## [Task description]
Whatever pictures appear, omit them, and repeat the data below exactly.

Exercise data below:

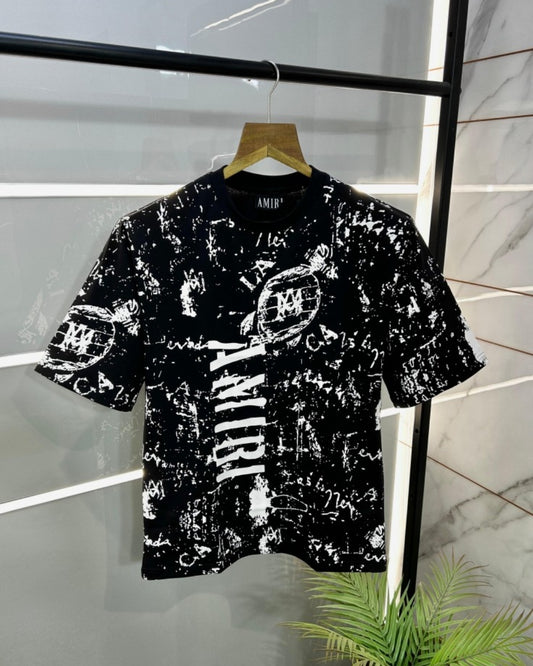 AMIRI CORE UNISEX EXCLUSIVE OVERSIZED TEE - BLACK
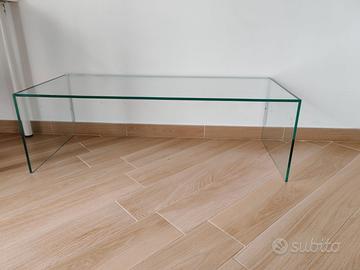 Tavolino da salotto in vetro temperato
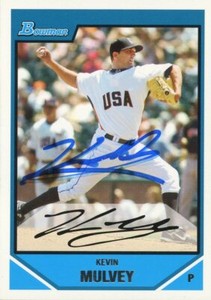 2007 Bowman KEVIN MULVEY Signed Card autograph AUTO RC TWINS DBACKS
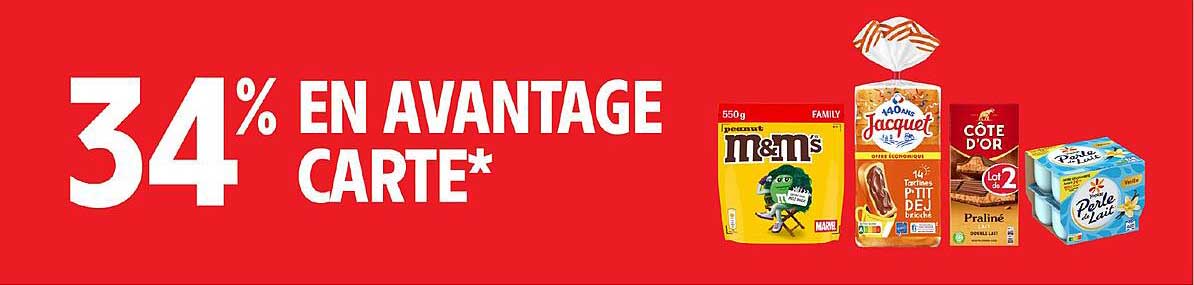 34% EN AVANTAGE CARTE*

End of Exercise data.

## [Result]
 AMIRI CORE UNISEX EXCLUSIVE OVERSIZED TEE - BLACK
 Tavolino da salotto in vetro temperato
 2007 Bowman KEVIN MULVEY Signed Card autograph AUTO RC TWINS DBACKS
 34% EN AVANTAGE CARTE*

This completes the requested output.